A hare and a tortoise have a race along a circle of 100 yards diameter. The tortoise goes in one direction and the hare in the other. The hare starts after the tortoise has covered 1/5 of its distance and that too leisurely. The hare and tortoise meet when the hare has covered only 1/8 of the distance.
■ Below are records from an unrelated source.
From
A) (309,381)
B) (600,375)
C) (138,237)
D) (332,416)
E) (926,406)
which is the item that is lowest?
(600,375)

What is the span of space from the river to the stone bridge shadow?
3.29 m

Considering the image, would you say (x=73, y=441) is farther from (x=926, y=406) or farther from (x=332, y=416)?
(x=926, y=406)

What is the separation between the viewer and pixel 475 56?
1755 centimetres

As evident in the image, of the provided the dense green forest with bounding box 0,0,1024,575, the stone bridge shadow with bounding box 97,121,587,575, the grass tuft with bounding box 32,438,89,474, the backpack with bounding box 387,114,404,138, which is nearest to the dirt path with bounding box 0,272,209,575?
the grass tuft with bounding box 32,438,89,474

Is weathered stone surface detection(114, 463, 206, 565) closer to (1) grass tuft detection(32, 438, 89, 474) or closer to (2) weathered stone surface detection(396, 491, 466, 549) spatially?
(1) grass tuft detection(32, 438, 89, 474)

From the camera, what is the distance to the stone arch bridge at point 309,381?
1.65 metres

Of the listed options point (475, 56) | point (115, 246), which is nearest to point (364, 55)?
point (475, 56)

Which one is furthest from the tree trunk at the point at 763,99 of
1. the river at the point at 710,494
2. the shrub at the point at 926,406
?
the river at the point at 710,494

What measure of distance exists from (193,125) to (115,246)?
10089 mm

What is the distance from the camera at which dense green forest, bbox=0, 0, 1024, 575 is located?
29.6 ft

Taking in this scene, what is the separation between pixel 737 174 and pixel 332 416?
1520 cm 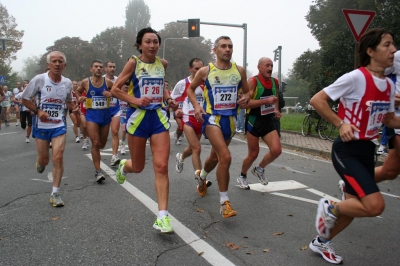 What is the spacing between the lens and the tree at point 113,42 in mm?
69988

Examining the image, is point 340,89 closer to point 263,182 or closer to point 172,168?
point 263,182

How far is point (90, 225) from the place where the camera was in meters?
4.19

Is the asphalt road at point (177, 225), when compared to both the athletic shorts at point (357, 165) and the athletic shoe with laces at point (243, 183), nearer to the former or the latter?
the athletic shoe with laces at point (243, 183)

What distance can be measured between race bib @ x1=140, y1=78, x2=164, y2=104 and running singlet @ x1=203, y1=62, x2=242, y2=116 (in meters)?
0.66

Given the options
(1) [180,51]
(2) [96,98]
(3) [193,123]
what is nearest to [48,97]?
(2) [96,98]

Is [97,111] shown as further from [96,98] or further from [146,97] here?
[146,97]

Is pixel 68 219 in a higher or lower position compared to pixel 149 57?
lower

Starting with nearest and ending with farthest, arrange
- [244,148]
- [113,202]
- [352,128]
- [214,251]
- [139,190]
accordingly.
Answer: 1. [352,128]
2. [214,251]
3. [113,202]
4. [139,190]
5. [244,148]

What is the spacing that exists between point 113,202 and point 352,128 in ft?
10.8

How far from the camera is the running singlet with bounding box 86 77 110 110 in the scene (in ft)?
22.1

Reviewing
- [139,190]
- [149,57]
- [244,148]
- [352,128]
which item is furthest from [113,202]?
[244,148]

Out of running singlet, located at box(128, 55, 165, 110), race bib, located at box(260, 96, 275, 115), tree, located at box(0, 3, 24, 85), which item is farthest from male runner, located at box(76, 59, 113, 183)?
tree, located at box(0, 3, 24, 85)

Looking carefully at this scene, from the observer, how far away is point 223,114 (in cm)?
471

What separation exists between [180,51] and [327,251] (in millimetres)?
64971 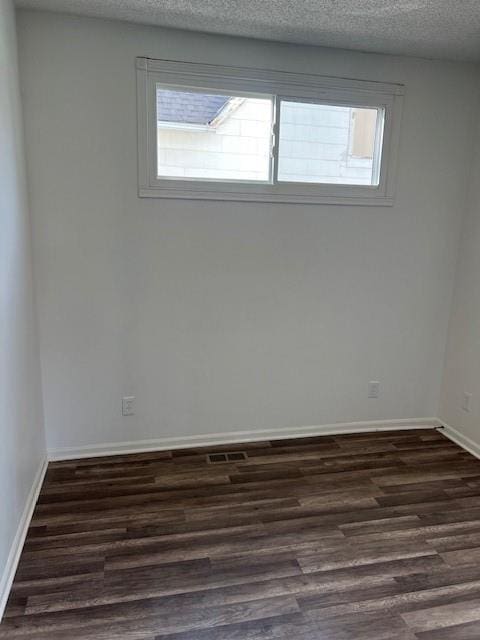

By what factor should the hare increase its speed so as to tie the race?
Answers
Answer:
(37.8 ) times speed of Original Speed
Explanation:
Let say Distance = X Yard = (2 π * 100/2) = 100 π Yard
let say Tortoise Speed = T Yard/sec
& Hare Speed = H Yard/Sec
Time taken to complete circle by Tortoise = X/T sec
Time taken to complete 1/5 of its distance = X/5T
Hare & Tortoise meet when Hare covered 1/8 of Distance = X/8
Time Taken by Hare = X/8H
Distance Covered by Tortoise in such Time = X - X/8 - X/5
= 27X/40
Time taken by Tortoise for 27X/40 = 27X/40T sec
27X/40T = X/8H
=> H = 5T/27
Now Distnace to be covered by Tortoise = X/8
Time taken by Tortoise = X/8T
Distance to be Covered by Hare = 7X/8
With in time frame of X/8T
Speed required = (7X/8)/(X/8T) = 7T
7T/(5T/27) = 189/5 (37.8 ) times speed of Original Speed
Increase in speed = 7T - (5T/27) = 184T/27 =
% increased in speed = (184T/27)/(5T/27) * 100 = 3680 %
Explanation:
Total circumfrance = pie*diameter
tortoise has covered = 25pie
remaining distance = 75 pie
1/8th of total distance = 12.5 pie
let the velocity of tortoise = u and that of hare =v
on time comparison we get
62.5 pie/u = 12.5 pie/v
5v=u so v=u/5
now for remaining journey time taken by tortoise = 12.5 pie/u
so velocity of hare to make a tie = 7*12.5 pie u / 12.5 pie
=7u
so 7u/u/5 = 35 times answer